Studio album by Busdriver
- Released: 2002
- Genre: Hip hop
- Length: 63:55
- Label: Temporary Whatever
- Producer: Cerebro; Daddy Kev; Paris Zax; O.D.; Busdriver; Conartist; Marques Broadwell; Hive;

Busdriver chronology
| Memoirs of the Elephant Man (1999) | Temporary Forever (2002) | Cosmic Cleavage (2004) |

Singles from Temporary Forever
- "Imaginary Places" Released: 2002;

= Temporary Forever =

Temporary Forever is the second studio album by American rapper Busdriver. It was released on Temporary Whatever in 2002. It features guest appearances from Radioinactive, Rhetoric, Of Mexican Descent, and Aceyalone. Most of the tracks were recorded and mixed by Daddy Kev, who is a co-executive producer of the album.
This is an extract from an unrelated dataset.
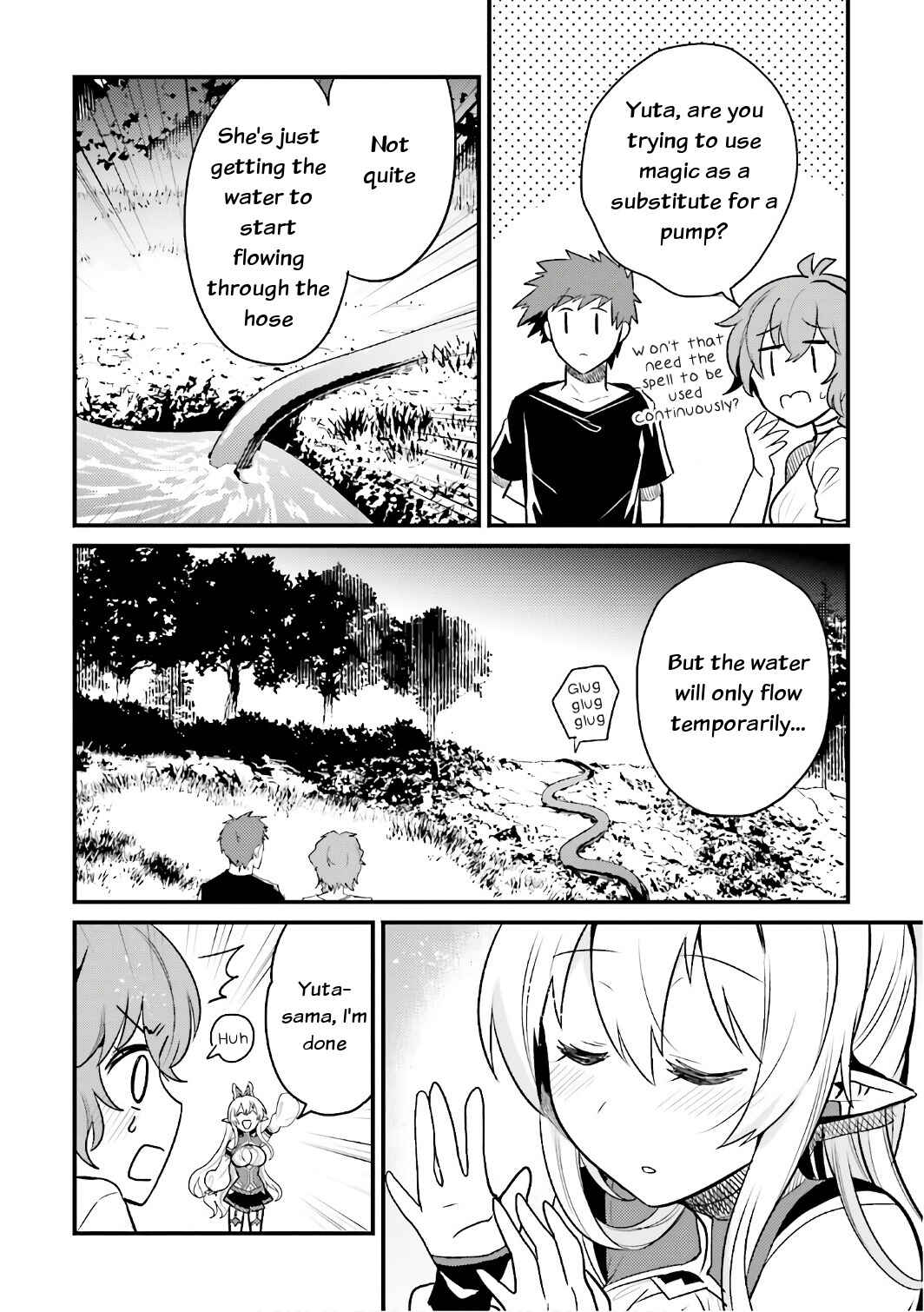 Page 28 Chapter 15 Elf Yome to Hajimeru Isekai Ryoushu Seikatsu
All scratching on the album was done by D-Styles.

==Critical reception==

John Bush of AllMusic gave the album 4 stars out of 5, saying, "the album has so many incredible ideas and catchy riffs that it trumps entire careers by some rappers out there." He added, "Temporary Forever introduces one of the most imaginative talents to ever grace the rap world."

In 2008, Vibe included it on the "24 Lost Rap Classics" list. Sean Fennessey wrote, "his adenoidal flow, a breathless bundle of consonants and exclamation points, will challenge anyone looking to tune the MC out."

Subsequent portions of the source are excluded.